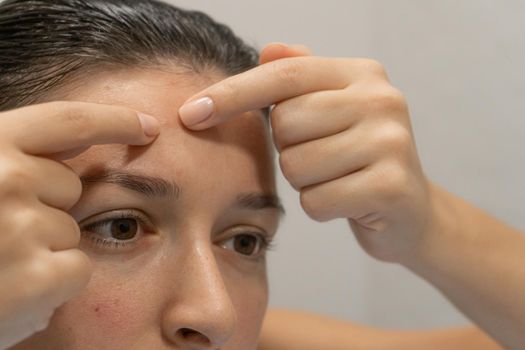Close-up portrait of a girl squeezes out a pimple on her forehead. An awkward moment before a date
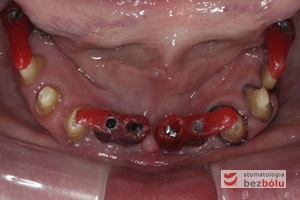 Indywudalizowane filary protetyczne z żywicznymi kluczami - czerwone klucze pattern-resin wyznaczają dokładną pozycję łącznika względem zębów sąsiednich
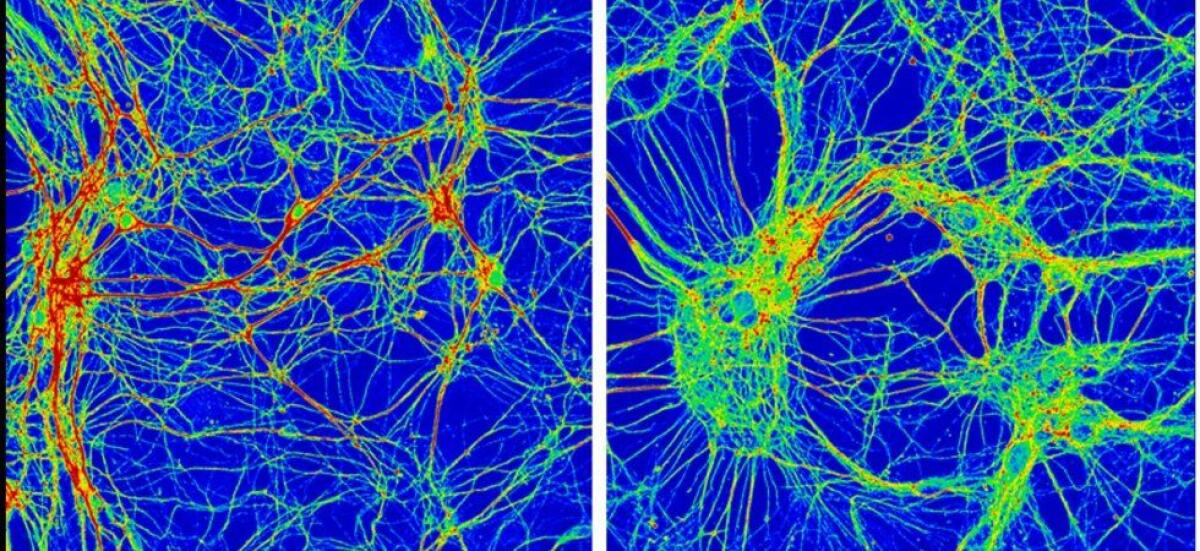Identificati i difetti molecolari di due patologie neurologiche - 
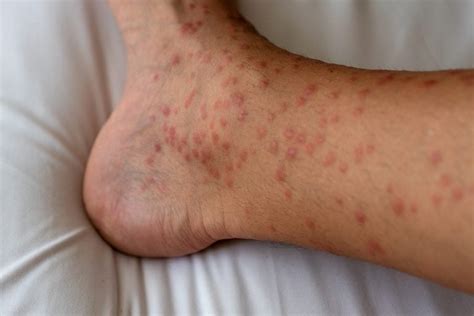 Papular Urticaria: A Guide to This Severe Bug Bite Reaction | The Healthy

- _Work request_
Return all of the lines above without alteration, minus the pictures.

- _Output of the exercise_
Close-up portrait of a girl squeezes out a pimple on her forehead. An awkward moment before a date
 Indywudalizowane filary protetyczne z żywicznymi kluczami - czerwone klucze pattern-resin wyznaczają dokładną pozycję łącznika względem zębów sąsiednich
Identificati i difetti molecolari di due patologie neurologiche - 
 Papular Urticaria: A Guide to This Severe Bug Bite Reaction | The Healthy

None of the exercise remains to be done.